Kutukan Persebaya

Kutukan Persebaya

-Ilustrasi: Reza Alfian Maulana-Harian Disway-

Saya yang waktu itu baru terpilih menjadi wakil Pak Bambang D.H. ketiban sampur. Saya diminta klub-klub anggota Persebaya yang berjumlah 30 untuk menjadi ketua umum. Dalam kondisi Persebaya tak boleh main selama dua tahun. Banyak pengurusnya yang dihukum.

Saya tidak bisa mengelak. Karena ini penugasan langsung dari Pak Wali Kota. Dengan jaminan, bantuan APBD masih tetap dikucurkan. Bismillah. Target utama Persebaya bisa ikut kompetisi lagi.
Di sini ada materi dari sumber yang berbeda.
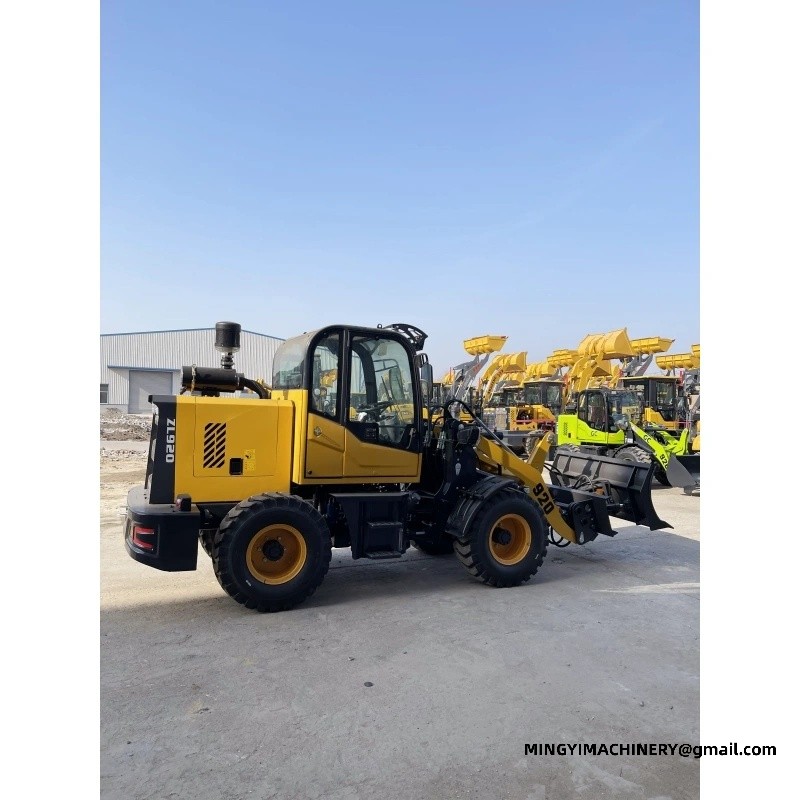 Wheel Loader Manufacturer | China Factory Supplier – Mingyi Machinery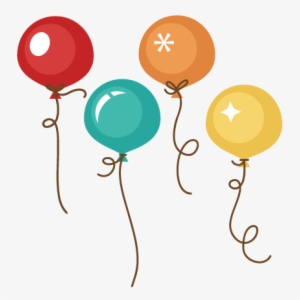 Birthday Balloons Svg Cut Files For Scrapbooking Birthday - Miss Kate Cuttables Balloons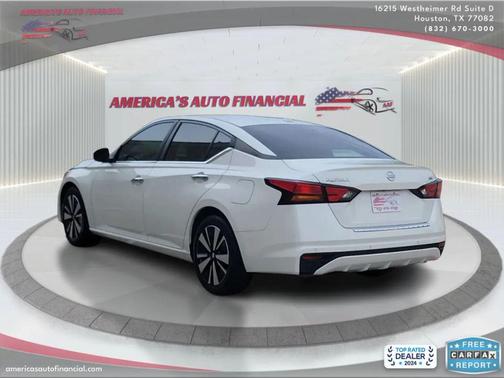2021 Nissan Altima 2.5 SV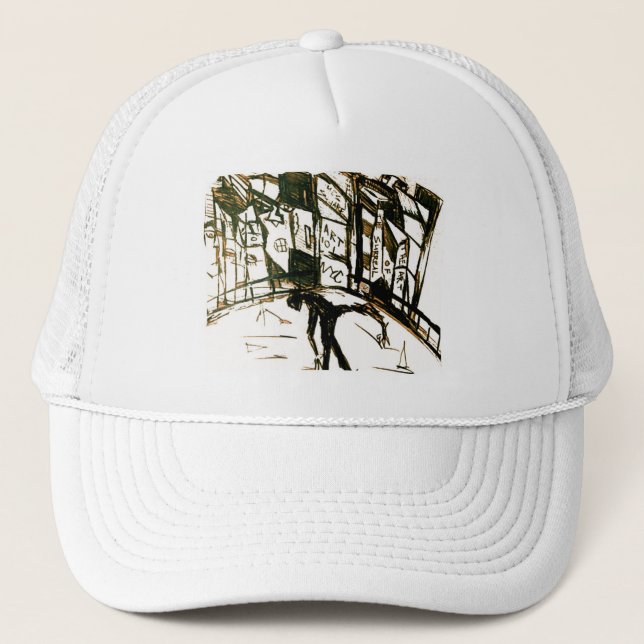 art 101 trucker hat (Front)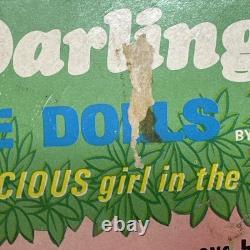 Super Rare! Vintage Hasbro 1968 Teeny Bikini # 8540 Dolly Darlings New Box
Setelah melobi PSSI, akhirnya Persebaya bisa main di tahun kompetisi 2005/2006 untuk Divisi I. Tahun pertama saya mendapat dukungan penuh semua klub. ”Mati urip nderek Pak Arif.” Ada yang bilang demikian.

Setelah menjadi juara Divisi I yang diwarnai kerusuhan suporter, Persebaya lantas bermain di strata teratas. Itulah final Divisi I yang unik. Dalam final melawan Persis Solo itu, kerusuhan pecah saat Persebaya sudah unggul. Bonek menyerbu lapangan saat pertandingan tinggal 5 menit.

Masa keemasan klub profesional dibiayai APBD pun berakhir. Pemerintah pusat melarang APBD digunakan untuk membiayai klub profesional. Itu awal dari upaya menjadikan sepak bola sebagai industri olahraga. 

Seseorang yang sangat berjasa atas penggunaan APBD untuk klub bola ini adalah Pak Saleh Mukadar. Posisi politisnya saat itu memungkinkan gagasan tersebut terlaksana di Surabaya. 

Setelah APBD dilarang untuk membiayai bola, sebagai ketua umum, saya harus memutar otak. Saya melontarkan gagasan membuat PT Persebaya. Bahkan, sudah menyiapkan business plan untuk menarik investor. 

Namun, gagasan itu ditolak klub-klub internal. Ada yang takut Persebaya pindah ke luar kota. Ada yang khawatir nanti saya ikut memiliki sahamnya.

Padahal, konsep kepemilikan yang saya ajukan cukup menarik. Sebab, harus ada kepemilikan Pemkot Surabaya meski hanya dalam bentuk saham goodwill. Saham pemberian tanpa setor modal. Selebihnya dimiliki investor dan suporter. 

Rupanya, saya gagal meyakinkan klub internal dan suporter. Akhirnya saya dimosi tidak percaya. Bahkan, sempat diundang dengar pendapat oleh anggota dewan di DPRD Kota Surabaya. Saya pun mengundurkan diri dalam posisi prestasi Persebaya sedang tidak dalam keadaan baik.

Setelah itu, saya tak pernah cawe-cawe lagi. 

Sampai kemudian, muncul dualisme Persebaya. Yakni, Persebaya yang kemudian dikenal sebagai Persebaya 1927 dan Persebaya hasil pembelian klub Mitra Kukar yang kini menjadi Bhayangkara United. 

Persebaya 1927 –karena regulasi– akhirnya mendirikan PT Persebaya Indonesia (PI). Inilah yang eksis hinggga sekarang. PT PI sebelum diambil alih Azrul Ananda –dengan skema apa pun– semula dimiliki Pak Saleh Mukadar, Cholid Ghoromah, dan 20 klub internal.

Ada 10 klub internal pendiri Persebaya yang tak ikut dalam rombongan pemilik Persebaya baru itu. Di antaranya, klub legendaris Assyabab, PSAD, Suryanaga, dan Mitra Surabaya. Mereka sebetulnya klub yang punya legitimasi sejarah kuat untuk menjadi pemilik Persebaya.

Eh, perlu dicatat pula, eksistensi Persebaya 1927 hingga kini juga merupakan jasa besar para Bonek. Suporter Bajol Ijo yang memperjuangkan Persebaya kembali bisa menjadi klub kebanggaan warga Surabaya. Sayang, mereka tak memiliki saham sama sekali.